Asset-liability mismatches have grown for insurance companies and pension funds since 2008 due to low interest rates, the report noted. While that fact will not come as a surprise to these investors, the IMF’s assessment might: Firstly, that the marketplace is not currently pricing in any meaningful rise in rates. A sudden, unexpected US Treasury rate correction is worth considering, the IMF contended, and could destabilize credit markets as a whole.
“A sharp, unanticipated rise in risk-free rates could expose vulnerabilities that are currently masked by low interest rates and ample liquidity,” the report said.

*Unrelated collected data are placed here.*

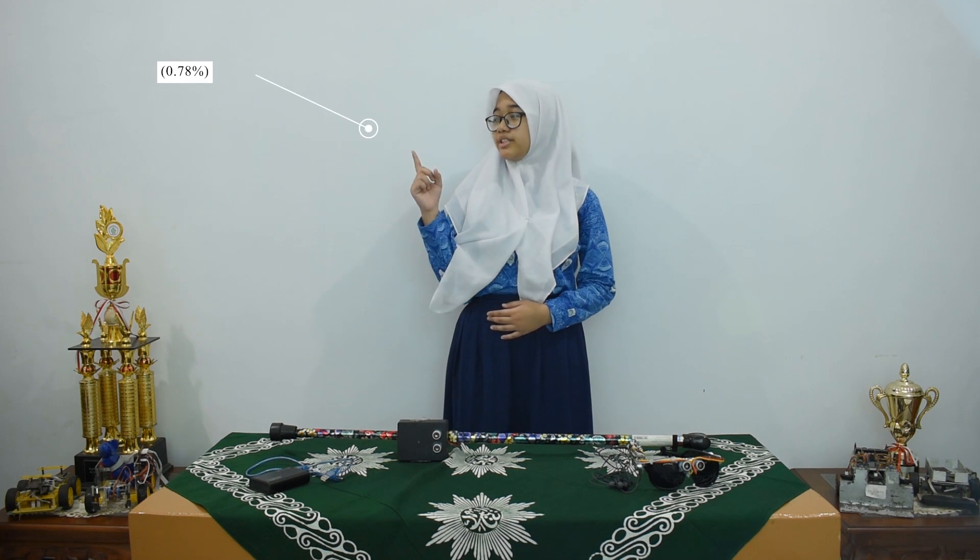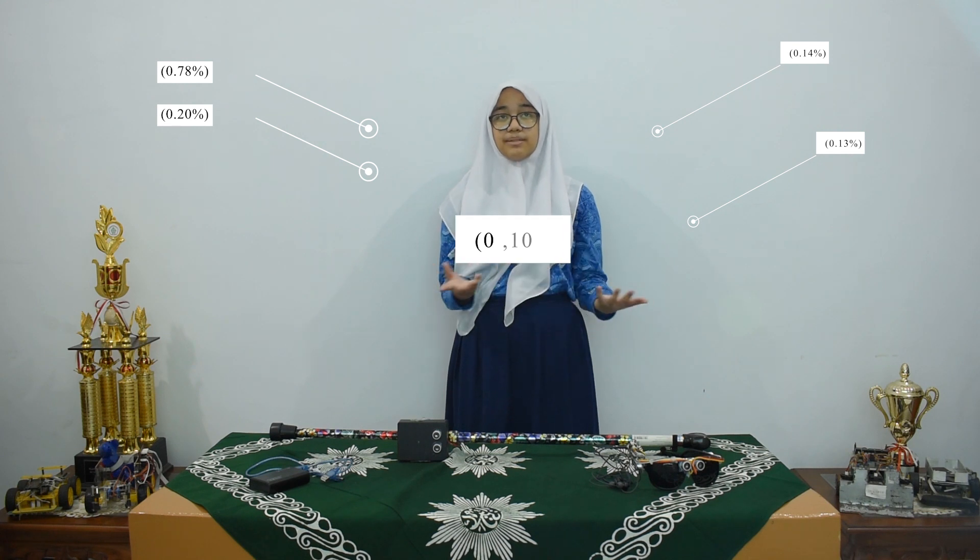The most common causes of blindness in Indonesia are: Cataract at 0.78%, Glaucoma at 0.20%, Refractive Disorder at 0.14%, Retinal Disorder at 0.13%, and Corneal Abnormality at 0.10%. Blindness is mostly experienced by elderly people, but a small part is also experienced by children or adults.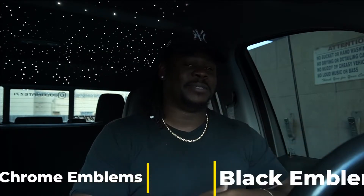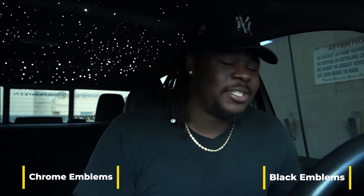In today's video we're going to talk about: do you prefer chrome or blacked out emblems? My biggest thing when I was buying my truck is that I wanted blacked out emblems, and I couldn't find it — I don't know why. So I went to the dealership and I bought a 2021 Silverado Trail Boss, and it had a black bumper — front and back bumpers are black.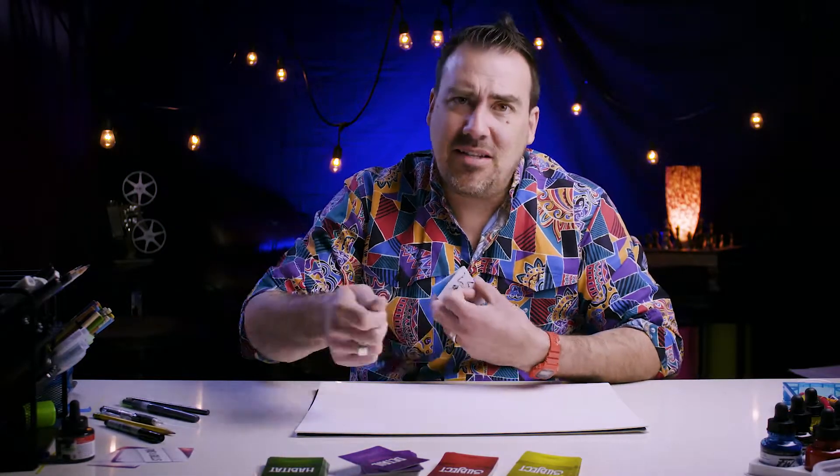We're going to draw — whoever wants to draw can draw, whoever just wants to watch, that's fine. We're all artists, you know that. All you have to do is make some marks and get your imagination going.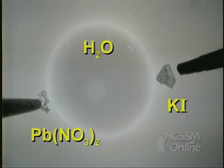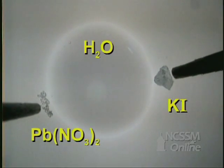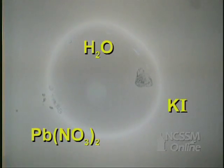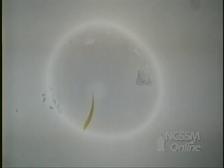To get a closer look at a double displacement reaction, we will use a microscope camera to see the reaction between lead nitrate and potassium iodide. A drop of water is placed on a microscope slide and a crystal of each compound is placed on each side.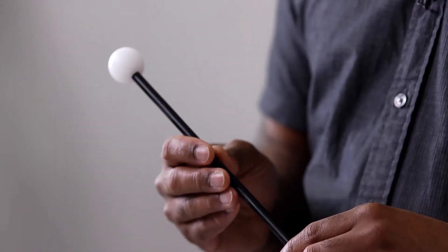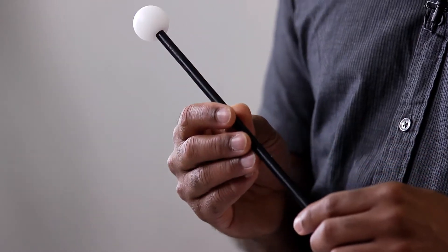One last thing: make sure you always play with the proper mallets. On wooden keys, only use plastic or rubber mallets, not brass. On metal keys, plastic, rubber, or brass mallets are acceptable.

For US public pensions and insurance companies in particular, the IMF felt these vulnerabilities are particularly acute. Many have countered rising liabilities and meager Treasury bond yields with leverage (as in risk parity), risk (via emerging markets, for example), and/or illiquid investments (real assets, private equity).
The report further suggested that corporate credit risk may be underpriced—another vulnerability for pension and insurance asset owners. Institutional capital has surged into high-yield bonds recently. Data firm Lipper found that corporate paper was the second-most popular asset class among European investors last year. In 2011, it came in 20th place.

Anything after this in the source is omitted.